The MedTech Europe blog

Yesterday afternoon I was fortunate enough to be invited to participate in a round table discussion organised by Motorola as part of the EU Open Days conference organised by the Committee for the Regions. Entitled ‘ EU Wide Patient Safety – A Roundtable to demonstrate ways of overcoming barriers to adoption in healthcare using innovative application of mobile technologies’ the panel was drawn from academia, ICT suppliers, the EU Commission, health system managers and me. You might ask why Eucomed should have a seat at such a table?
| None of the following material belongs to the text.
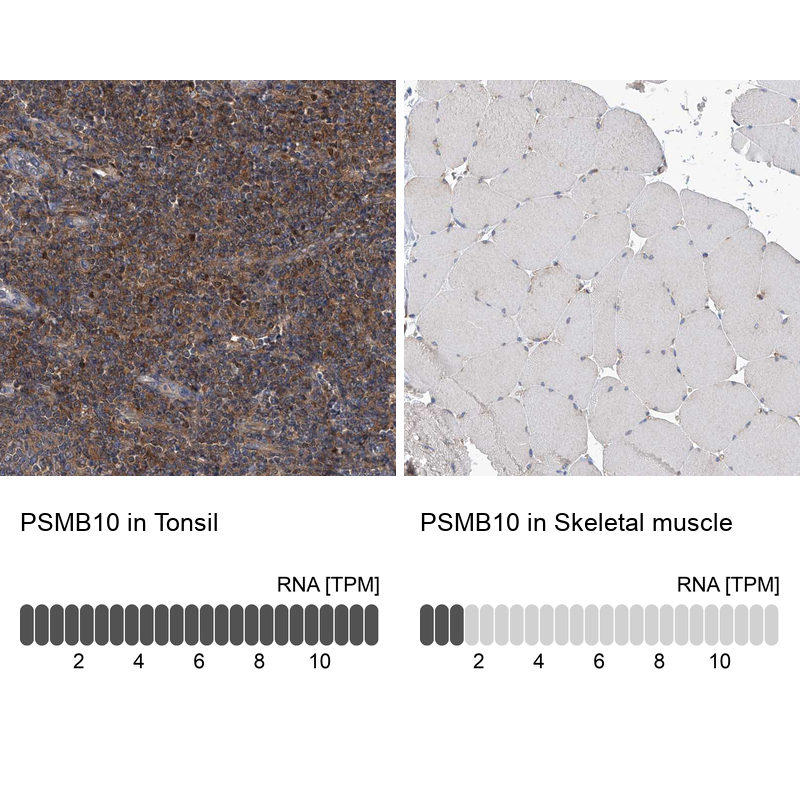 Rabbit Polyclonal Anti-PSMB10 Antibody - Buy for research - Highly ...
As discussions evolved, it became progressively clearer that the knowledge and understanding of each other’s worlds was patchy at best. The use of modern ICT in health creates multiple opportunities and has a clear role alongside medical technologies to transform many aspects of the way patients are managed both inside and outside of conventional settings. While we as a sector are very focussed on the patient/clinician interaction and continuum of care, the ICT companies are coming at the opportunity from the perspective of system architecture. Both of us lose out by not fully appreciating the extent of both the opportunities and the challenges of driving change in healthcare (my blogpost of last week explored these in more detail).
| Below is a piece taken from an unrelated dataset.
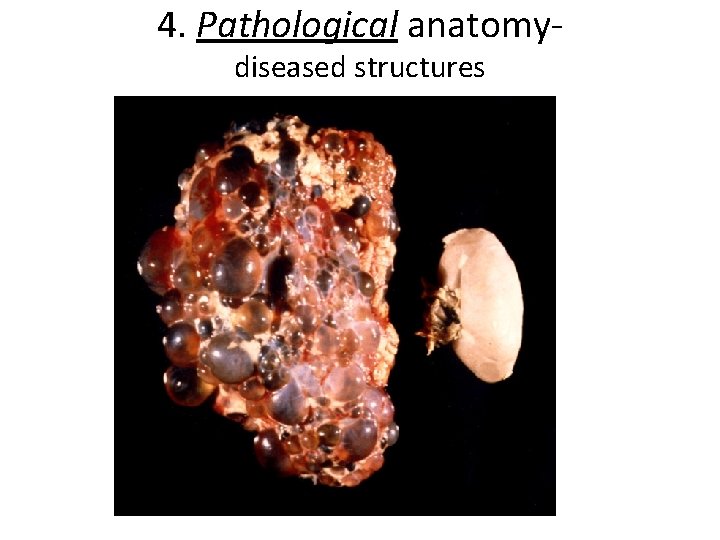 4. Pathological anatomydiseased structures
What is clear is that, if the opportunities for providing better care at lower total cost are to be realised, there is a huge need stakeholders to get together. On the end of the line, especially in community care, is a patient and often carers who are family members. Much of the meaningful information about the patient that can be used to help manage their condition is derived from both diagnostic and therapeutic technologies which are either close to or, increasingly, embedded in the patient. Success or failure in developing the new ways of looking after the chronically sick in the community will be determined by our ability to put the various pieces of the jigsaw together in ways that are both attractive and intuitive to the ultimate focus of the system – the patient and carer. Creating the service offering that has the confidence of the patient needs to be complemented by a range of standards and regulatory developments that ensure quality and reliability of whatever is offered. To create the service offerings we really need to work together. It will lead to adaptations of previously sacred business models, the need for new relationships and partnerships and, most importantly, a better understanding of who the customer is. In healthcare that is always a complex story.
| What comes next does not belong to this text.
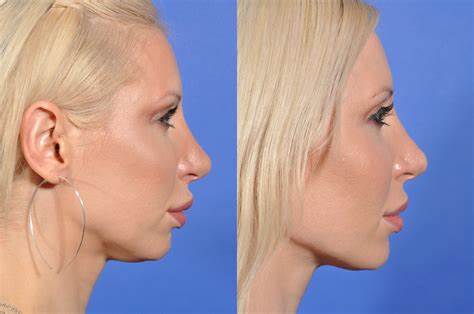Kybella Before and After Results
Ultimately, reconfiguring care allows us to move away from the wasteful practices of the nineteenth century where expensive doctors sit next to an expensive room full of patients who have spent many hours travelling to, in most cases, be told ‘you are OK and come back and see me in 6 months’. Tele-enabled care changes this paradigm to one where patients are called to see the expensive doctor only when needed and most of their needs are catered for by the community team that is able to monitor their condition via sensors that sit in and around their home and their person. The resources can then be better directed to addressing the real needs of the patient.